During the 1970s and 1980s Mojo was the hottest creative agency in Sydney and Mo and Jo had success jointly authoring World Series Cricket's "C'mon Aussie C'mon ". and later the Australian Tourism Commission's spot with Paul Hogan's instruction to put another "shrimp on the barbie".

The Mojo approach to TV advertisements used a colloquial and irreverent style, often with a catchy jingle to simple accompaniment and frequently sung in Jo's own "gravelly" voice. Contrasting against the clipped and British-imitating style of voice presenters on Australian TV up till that point, Mojo ads highlighted Australian idiom and its laconic accent. Ads such as “I’m as Australian as Ampol”, “Hit ‘em with the Old Pea Beu” (insectide), “Everybody loves Speedo”, “I Can Feel a Fourex Coming on”, “Every Amco tells a Story” (for Amco jeans) all came out of the Mojo agency in the 1980s. The use of Peter Allen's I Still Call Australia Home to promote Qantas was developed at Mojo in the late 1980s and until 2011 this campaign concept was still used by Qantas and its ad agencies.

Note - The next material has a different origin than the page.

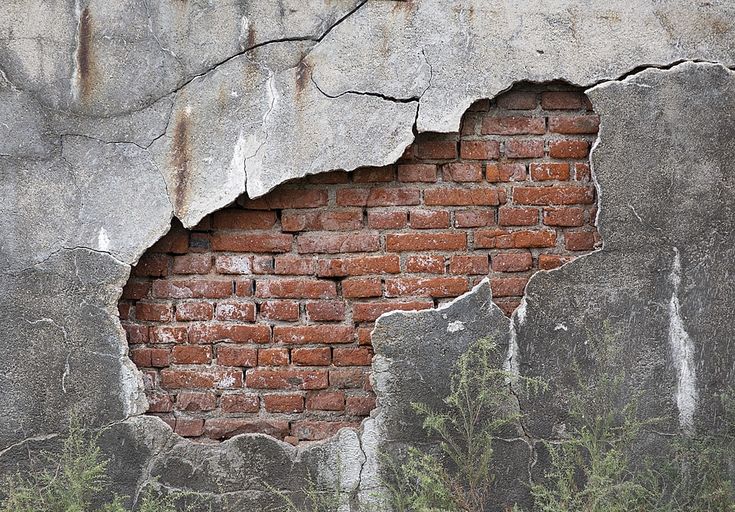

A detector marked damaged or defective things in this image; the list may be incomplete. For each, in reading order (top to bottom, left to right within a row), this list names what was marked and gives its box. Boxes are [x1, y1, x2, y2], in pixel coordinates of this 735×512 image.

rust stain [75, 6, 95, 101]
rust stain [171, 111, 194, 217]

In August 1987 Mojo was acquired by the Melbourne-based publicly listed agency Monaghan Dayman Adams Limited and became MojoMDA. The resultant merged business maintained its listed status until 1989. The Mojo MDA Group had offices in London, New York, San Francisco, Hong Kong, Singapore and affiliates throughout Asia. In 1988 Advertising Age named it as International Agency of the Year. In August 1989 the Mojo MDA Group was Australia's largest ad agency with billings of $180million and was acquired by the Los Angeles agency Chiat\Day. The merger was unsuccessful and in 1992 Chiat/Day sold off Mojo to Foote, Cone & Belding. In later international dealings which saw FCB acquired by the Interpublic Group, the Australian Mojo offices were sold to Publicis.

In 1994 Jo left the employment of the Australian Mojo business and returned to Hertz Walpole as an executive creative director, taking up a shareholding. When Alan Morris finished up a stint at Singleton Ogilvy & Mather in 1999, he took up the opportunity to re-unite with Jo and Jim Walpole and their agency was renamed "Morris Johnston Walpole". The re-unification failed to set the advertising world on-fire and in 2002 the veterans accepted an offer for sale from the Japanese multinational communications group Hakuhodo. As of 2010 the agency which Jo started in 1968 which was then called "Marketing & Advertising" was still in operation and then known as "MJW Hakuhodo".

==Personal life==

His marriage to his wife Jean is longstanding. Their two sons followed Jo into careers in advertising. He has six grandchildren - three by each son.

==Accolades==
Together with Morris, Johnston was acknowledged by his peers with admissions to the Halls of Fame of Campaign Brief (magazine) in 2006 and the Australian Writer and Art Directors Association in 2009. In 2007 the Advertising Federation of Australia awarded its AFA Medallion to Mo and Jo describing the pair as "the Lennon & McCartney of Australian advertising". In 2009 Morris & Johnston were included in the inaugural 12 inductees to Ad News Magazine's, Australian Advertising Hall of Fame.